I was recently waiting for my nails to dry and didn’t want to smudge the paint, when it dawned on me that this would be the perfect opportunity to test some voice-only artificial intelligence features. Silicon Valley car owners are having long conversations with ChatGPT as they drive around, and I wanted to try chatting hands-free before meeting with two OpenAI product leads later that day.
Even though chatbots can be helpful for brainstorms, speaking back-and-forth with ChatGPT was like collaborating with an over-caffeinated friend who can’t stand even a second of silence. I was valiantly fighting against the artificial intelligence tool to finish a single, complete thought before it cut me off.
Me: I wrote a newsletter called AI Unlocked last year for our readers. In that newsletter, I …
ChatGPT: Tell me more about your newsletter and what specific question you have in mind related to it.
Only a couple minutes into the experiment, I experienced synthetic-speech-induced stage fright and pleaded with the chatbot for more time, asking for it to give me a second to think between sentences. The chatbot encouraged me to slow down, though the quick cadence of its responses remained unchanged.
When I mentioned the anxiety I experienced while chatting with the AI to Joanne Jang, a model behavior lead for ChatGPT, she explained it’s an aspect of the user experience the company is trying to fix within the AI model. “In our ideal world, the model would actually be a little bit better at detecting when you're done.
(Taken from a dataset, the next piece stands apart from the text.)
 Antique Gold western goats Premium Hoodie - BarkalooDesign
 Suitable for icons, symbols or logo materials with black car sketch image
So, if you're not done with your sentence, then it wouldn't cut you off,” Jang says. “This is something that we're trying to figure out, and we know that it's a pain point for our users.”
With the caveat that you shouldn’t do this while driving, she suggested a simple solution for users: Just tap on the screen. As long as you have one finger free, you can tap and hold the large circle in the center of the app during conversations with the ChatGPT. Keep your finger there as you're speaking to avoid any bot interruptions; let it go whenever you’re actually wrapped up with your vocal prompt.
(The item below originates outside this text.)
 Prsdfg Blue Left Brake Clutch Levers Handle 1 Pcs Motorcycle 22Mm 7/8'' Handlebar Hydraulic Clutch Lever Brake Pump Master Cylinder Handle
While Nick Turley, a ChatGPT product lead, said he prefers using the back-and-forth conversation feature, available in the app by touching the headphone icon, he recommends another method of audible interaction for users who need more time and want to slow things down a bit, or who just find the default rhythm of the AI conversation to be awkward.
In the mobile app, tap on the microphone icon next to the headphones. Say whatever you’d like to use in your prompt, and then hit the blue area to stop the recording when finished. ChatGPT will convert the audio to text and add it to the prompt field. After you press Send, listen to ChatGPT’s response by long-pressing on the output, then selecting Read Aloud. This slowed-down process is a pleasant way to interact vocally with the AI tool at your own pace, for those who might get stressed out by the service’s rapid verbal responses.
Most PopularPS5 vs PS5 Slim: What’s the Difference, and Which One Should You Get?By Eric Ravenscraft Gear13 Great Couches You Can Order OnlineBy Louryn Strampe GearThe Best Radios to Catch Your Favorite AirwavesBy Nena Farrell GearThe Best Robot Vacuums to Keep Your Home CleanBy Adrienne So
GearDespite flaws, the tool is already more engaging than any interaction I’ve had with a previous-generation voice assistant, like Siri or Alexa. Since the launch of Siri over a decade ago, voice assistants have continued to improve, but they have failed to dramatically transform how users interact with technology day-to-day. I’m still typing up this article on a laptop, not orating my thoughts to Alexa. Similarly, I use my Google Nest Mini for playing music and setting kitchen timers, and that’s about it.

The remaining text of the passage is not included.